Les métropoles se caractérisent par une surreprésentation des cadres par rapport au reste du territoire. A elle seule, la métropole parisienne concentre 27,9% des cadres en France. Le plus haut niveau de qualification a constitué un rempart contre le chômage. Celui-ci n'a augmenté que de 0,2% en 2011 à Paris, contre 0,7% sur l'ensemble du territoire. Quant aux petites et moyennes aires, elles affichent une proportion de 11,6% de chômeurs parmi les actifs (contre 11,2% dans les grandes aires de province). "Davantage tournées vers l'industrie, les moyennes et petites aires ont plus subi la crise de 2008, qui a frappé de plein fouet ce secteur", souligne l'Insee.
Au-delà de la taille des aires urbaines, certains territoires souffrent d'un déterminisme géographique, comme le Nord-Est, qui "reste marqué par son passé industriel", avec une forte proportion d'ouvriers et de postes de fonctionnaires.
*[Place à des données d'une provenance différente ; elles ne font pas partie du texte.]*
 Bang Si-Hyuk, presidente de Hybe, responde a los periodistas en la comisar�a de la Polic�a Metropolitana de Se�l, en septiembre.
Le Nord-Est, comme la "diagonale aride", qui va du Limousin à la Lorraine, se caractérisent par une baisse de leur population active. Dans le Sud-Est en revanche, la population active augmente, sachant que sur le pourtour méditerranéen, "les emplois sont nettement plus tertiarisés depuis longtemps". Le chômage y augmente plus faiblement, il baisse même à Marseille ou à Toulon en 2011.
Enfin, les aires urbaines du Sud-Ouest et de la façade atlantique sont celles qui ont le mieux résisté à la crise, en particulier les plus grandes : Bordeaux, Toulouse, Nantes et Rennes.